_Scraped caption text data:_

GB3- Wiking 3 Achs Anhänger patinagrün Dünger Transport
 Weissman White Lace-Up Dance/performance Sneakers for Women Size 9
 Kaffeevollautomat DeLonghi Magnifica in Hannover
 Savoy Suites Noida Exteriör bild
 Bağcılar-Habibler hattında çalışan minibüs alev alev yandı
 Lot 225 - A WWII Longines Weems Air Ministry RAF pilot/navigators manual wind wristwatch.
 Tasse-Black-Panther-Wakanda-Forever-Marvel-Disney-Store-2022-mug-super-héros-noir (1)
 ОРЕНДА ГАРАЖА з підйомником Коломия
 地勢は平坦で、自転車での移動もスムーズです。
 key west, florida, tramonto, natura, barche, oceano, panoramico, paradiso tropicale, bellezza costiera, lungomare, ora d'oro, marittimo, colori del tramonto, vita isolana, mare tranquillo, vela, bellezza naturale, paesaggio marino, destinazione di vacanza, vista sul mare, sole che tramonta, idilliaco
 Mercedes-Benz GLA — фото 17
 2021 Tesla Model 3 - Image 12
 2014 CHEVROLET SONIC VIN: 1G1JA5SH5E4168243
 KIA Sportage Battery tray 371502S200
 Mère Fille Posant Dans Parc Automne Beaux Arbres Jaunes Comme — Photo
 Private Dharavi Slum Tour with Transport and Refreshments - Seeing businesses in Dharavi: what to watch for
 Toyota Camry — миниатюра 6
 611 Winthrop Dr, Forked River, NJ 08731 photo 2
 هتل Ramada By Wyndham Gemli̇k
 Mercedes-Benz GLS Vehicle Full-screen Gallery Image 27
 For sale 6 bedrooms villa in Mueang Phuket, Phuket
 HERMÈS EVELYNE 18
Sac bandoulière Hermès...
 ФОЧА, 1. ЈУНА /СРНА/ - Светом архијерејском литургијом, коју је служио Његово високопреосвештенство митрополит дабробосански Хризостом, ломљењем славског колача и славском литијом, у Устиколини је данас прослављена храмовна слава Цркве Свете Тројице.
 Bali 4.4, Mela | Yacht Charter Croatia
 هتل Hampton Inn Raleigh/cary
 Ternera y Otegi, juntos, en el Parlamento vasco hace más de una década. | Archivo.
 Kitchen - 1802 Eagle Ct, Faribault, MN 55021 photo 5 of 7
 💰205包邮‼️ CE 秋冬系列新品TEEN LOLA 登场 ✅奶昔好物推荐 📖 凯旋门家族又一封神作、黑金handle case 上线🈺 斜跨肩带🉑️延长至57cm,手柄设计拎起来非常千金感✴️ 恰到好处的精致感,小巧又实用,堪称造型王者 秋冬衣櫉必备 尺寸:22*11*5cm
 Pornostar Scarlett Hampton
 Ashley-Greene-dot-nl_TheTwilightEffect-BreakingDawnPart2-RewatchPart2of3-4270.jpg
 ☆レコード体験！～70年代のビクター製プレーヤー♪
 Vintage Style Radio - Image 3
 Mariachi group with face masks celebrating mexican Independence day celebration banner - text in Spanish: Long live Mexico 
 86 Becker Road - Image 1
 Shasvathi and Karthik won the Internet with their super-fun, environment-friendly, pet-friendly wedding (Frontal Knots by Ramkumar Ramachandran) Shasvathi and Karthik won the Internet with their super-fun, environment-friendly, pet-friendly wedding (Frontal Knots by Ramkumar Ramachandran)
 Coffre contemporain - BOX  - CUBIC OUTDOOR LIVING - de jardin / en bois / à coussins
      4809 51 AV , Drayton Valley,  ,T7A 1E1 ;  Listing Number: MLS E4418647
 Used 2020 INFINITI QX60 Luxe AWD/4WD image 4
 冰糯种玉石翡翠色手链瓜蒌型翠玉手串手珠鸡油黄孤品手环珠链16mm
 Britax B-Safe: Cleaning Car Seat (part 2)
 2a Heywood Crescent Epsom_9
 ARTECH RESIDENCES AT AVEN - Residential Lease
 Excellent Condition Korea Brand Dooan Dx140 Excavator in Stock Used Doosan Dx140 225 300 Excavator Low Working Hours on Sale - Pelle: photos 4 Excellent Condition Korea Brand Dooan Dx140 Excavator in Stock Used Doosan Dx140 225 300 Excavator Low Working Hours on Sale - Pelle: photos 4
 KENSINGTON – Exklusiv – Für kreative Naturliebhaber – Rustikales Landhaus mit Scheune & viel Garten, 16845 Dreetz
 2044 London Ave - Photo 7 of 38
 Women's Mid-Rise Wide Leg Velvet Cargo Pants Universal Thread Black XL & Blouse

_Exercise:_ Repeat word for word each line from the one with "Mariachi group with" to the end of the records above, inclusive.

_Reply:_
 Mariachi group with face masks celebrating mexican Independence day celebration banner - text in Spanish: Long live Mexico 
 86 Becker Road - Image 1
 Shasvathi and Karthik won the Internet with their super-fun, environment-friendly, pet-friendly wedding (Frontal Knots by Ramkumar Ramachandran) Shasvathi and Karthik won the Internet with their super-fun, environment-friendly, pet-friendly wedding (Frontal Knots by Ramkumar Ramachandran)
 Coffre contemporain - BOX  - CUBIC OUTDOOR LIVING - de jardin / en bois / à coussins
      4809 51 AV , Drayton Valley,  ,T7A 1E1 ;  Listing Number: MLS E4418647
 Used 2020 INFINITI QX60 Luxe AWD/4WD image 4
 冰糯种玉石翡翠色手链瓜蒌型翠玉手串手珠鸡油黄孤品手环珠链16mm
 Britax B-Safe: Cleaning Car Seat (part 2)
 2a Heywood Crescent Epsom_9
 ARTECH RESIDENCES AT AVEN - Residential Lease
 Excellent Condition Korea Brand Dooan Dx140 Excavator in Stock Used Doosan Dx140 225 300 Excavator Low Working Hours on Sale - Pelle: photos 4 Excellent Condition Korea Brand Dooan Dx140 Excavator in Stock Used Doosan Dx140 225 300 Excavator Low Working Hours on Sale - Pelle: photos 4
 KENSINGTON – Exklusiv – Für kreative Naturliebhaber – Rustikales Landhaus mit Scheune & viel Garten, 16845 Dreetz
 2044 London Ave - Photo 7 of 38
 Women's Mid-Rise Wide Leg Velvet Cargo Pants Universal Thread Black XL & Blouse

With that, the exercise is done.